More specifically, if $f:\Bbb R^n\to\Bbb R^m$, we say it is differentiable at a point $x_0\in\Bbb R^n$ iff. there exists a linear map $\d f_{x_0}:\Bbb R^n\to\Bbb R^m$ such that $\psi(x)$ is both continuous in a neighbourhood of $x_0$ and $\psi(x)\in o(\|x-x_0\|)$, where $\psi$ is given by:
$$\psi(x):=f(x)-f(x_0)-\d f_{x_0}(x-x_0)$$
This means we can say:
$$f(x)=f(x_0)+\d f_{x_0}(x-x_0)+\psi(x)\approx f(x_0)+\d f_{x_0}(x-x_0)$$
When $x$ is close to $x_0$ - linear approximation. If such a linear map $\d f$ exists at every point $x_0$, $f$ is said to be differentiable (and such maps exist uniquely, when they exist at all). In one dimension, linear maps are just multiplications by a scalar, so $\d f_{x_0}(x-x_0)=c(x-x_0)$, and we denote $c=f'(x_0)$.
So, the gradient is such a map, but as we go from $\Bbb R^n\to\Bbb R$, this can be represented by multiplication with a matrix with one row, or by taking the dot product with a vector, $\nabla$. So, we then get to say, whenever $f:\Bbb R^n\to\Bbb R$ is differentiable at a point $x_0$, that:
$$f(x)-f(x_0)=\nabla_{x_0}\cdot(x-x_0)+\psi(x)\approx\nabla_{x_0}\cdot(x-x_0),\,\text{as $x\to x_0$}$$
Where $\psi$ is as before. If I want to find the direction of displacement from $x_0$ that maximises change in $f$, first of all I need to normalise everything to avoid bias, and consider this:
$$\frac{f(x)-f(x_0)}{\|x-x_0\|}=\nabla_{x_0}\cdot\frac{x-x_0}{\|x-x_0\|}+\frac{\psi(x)}{\|x-x_0\|}\approx\nabla_{x_0}\cdot\frac{x-x_0}{\|x-x_0\|}$$
The approximation is ok $^\ast$ when $x$ is close to $x_0$, as $\psi(x)\in o(\|x-x_0\|)$. From the above expression, it is now clear that in order to maximise the LHS to find the "steepest ascent/descent", I must maximise (or minimise) the expression $\nabla_{x_0}\cdot h$, where $h$ is a unit vector of displacement from $x_0$. We know that, where $\vartheta$ is the angle betweeen $\nabla_{x_0},h$: $$\nabla_{x_0}\cdot h=\|h\|\cdot\|\nabla_{x_0}\|\cdot\cos(\vartheta)=\|\nabla_{x_0}\|\cdot\cos(\vartheta)$$And this is maximised (or minimised) precisely when cosine attains its extreme points, at $180^\circ$ or $0^\circ$, so the optimal directions of steepest ascent/descent are parallel to the "direction of the gradient" (dependent on sign whether or not we go for $0,180$ degrees).
I put "direction of the gradient" in commas because formally the gradient, or the derivative/Jacobian matrix, is a linear map.

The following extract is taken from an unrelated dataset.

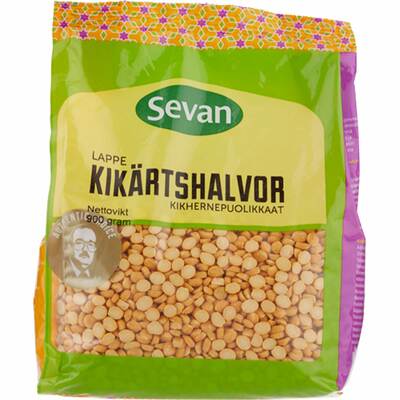 Konserv Sevan Kikärtshalvor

It is an intuitive convenience to think of it as an object with direction, but this will become confusing if you do more multivariable calculus.
$^\ast$ Notice that this is still approximate. The "direction of the gradient" will not necessarily be that of steepest ascent if you move far enough away from $x_0$ - this is only meaningful for $x$ very close to $x_0$.